Intellectual property is also a kind of “insurance policy”: if the company goes bankrupt, its ideas and intangible assets can still be sold or licensed. It is also increasingly used as collateral for loans, with many governments around the world facilitating these practices to reduce difficulties in securing their investments.

However, there are still no IP markets that are the size and volume of a Stock Exchange, and no large Internet Platforms for trading physical goods, despite numerous initiatives to establish emerging IP markets.

 Several issues still endanger idea markets and intellectual property. The first and most important is the valuation. The value of an IP is highly context dependent. Valuation is also hampered by the fact that, to date, there is still no standard method of valuation that is uniformly accepted.

In some countries such as Austria, France, the United States and the United Kingdom, IP audits are implemented with varying degrees of success. These instruments can and should be used more.

A carefully designed policy mix is ​​essential to improve the financial landscape of innovation

A general political message emerges from the chapters of this GII’s monographic report: No innovation policy instrument can solve all the problems that a country or an economy may face in relation to its innovation system.

The recommendation to governments is that they should study and design a particular policy mix that addresses the various obstacles to funding, maximizing complementary elements between the funding mechanisms and sources of the various funds.

In fact, government support can be direct or indirect, and sources of funds can be public, private, or a combination of both. Some combinations can stimulate innovation, while others can make efforts to do so futile.

Three additional policy actions are recommended in the GII report:

  1. First, governments can play an important role in eliminating technological risks.
    • This role of government is even more important today, given the current decline in companies’ own financing possibilities and the reduction in venture capital (CV) by early-stage companies and emerging sectors.
    • Examples of how governments can intervene in this area include the use of grants to finance prototyping for businesses and SMEs, along with procurement grants and advance purchase commitments.
  2. Second, by recognizing the persistent financial gaps in the world, and making concrete efforts to develop more active venture capital markets. Beyond offering tax incentives to venture capitalists, governments could decide to become venture capitalists. There are examples of governments that have established state companies for this.
  3. Third, and specifically with regard to developing countries and emerging economies, policies are needed that allow financial markets to become mechanisms that stimulate innovation.
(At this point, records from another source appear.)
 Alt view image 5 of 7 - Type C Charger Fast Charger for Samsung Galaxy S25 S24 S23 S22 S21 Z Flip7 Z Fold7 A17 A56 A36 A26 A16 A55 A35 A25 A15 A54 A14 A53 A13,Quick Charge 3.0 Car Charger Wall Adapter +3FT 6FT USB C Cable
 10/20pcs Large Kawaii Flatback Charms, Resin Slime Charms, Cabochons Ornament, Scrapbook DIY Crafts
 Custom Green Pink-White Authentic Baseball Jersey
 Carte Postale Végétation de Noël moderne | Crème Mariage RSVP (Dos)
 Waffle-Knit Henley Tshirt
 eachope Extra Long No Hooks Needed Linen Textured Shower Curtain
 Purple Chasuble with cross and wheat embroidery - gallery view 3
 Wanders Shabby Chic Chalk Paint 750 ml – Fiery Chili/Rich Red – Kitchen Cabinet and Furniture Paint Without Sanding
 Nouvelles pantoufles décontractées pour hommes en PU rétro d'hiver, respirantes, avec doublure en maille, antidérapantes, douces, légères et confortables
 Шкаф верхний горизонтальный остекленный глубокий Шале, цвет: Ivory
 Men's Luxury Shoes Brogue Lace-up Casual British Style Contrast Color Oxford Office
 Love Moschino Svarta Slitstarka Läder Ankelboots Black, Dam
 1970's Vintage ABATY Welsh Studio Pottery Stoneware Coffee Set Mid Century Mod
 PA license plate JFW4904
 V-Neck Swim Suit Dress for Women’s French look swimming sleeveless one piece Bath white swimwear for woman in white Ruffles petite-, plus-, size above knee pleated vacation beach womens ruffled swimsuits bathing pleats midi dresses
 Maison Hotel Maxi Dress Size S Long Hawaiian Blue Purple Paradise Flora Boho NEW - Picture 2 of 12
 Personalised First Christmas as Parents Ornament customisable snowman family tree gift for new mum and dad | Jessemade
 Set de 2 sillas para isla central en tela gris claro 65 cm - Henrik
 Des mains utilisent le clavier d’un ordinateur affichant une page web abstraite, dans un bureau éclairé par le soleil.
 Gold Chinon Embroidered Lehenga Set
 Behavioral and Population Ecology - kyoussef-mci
For example, by removing various legal and regulatory barriers to the development of the venture capital market.

The GII 2020 identifies a series of specific policy actions that could help countries in these efforts


Currently openness and international collaboration on innovation are threatened.

However, the joint search for medical solutions during the pandemic has shown, among other things, the strength of cooperation.

The speed and effectiveness of this collaboration show that internationally coordinated R&D initiatives can clearly counteract the trend towards further isolation and respond to the important needs of society, both now and in the future.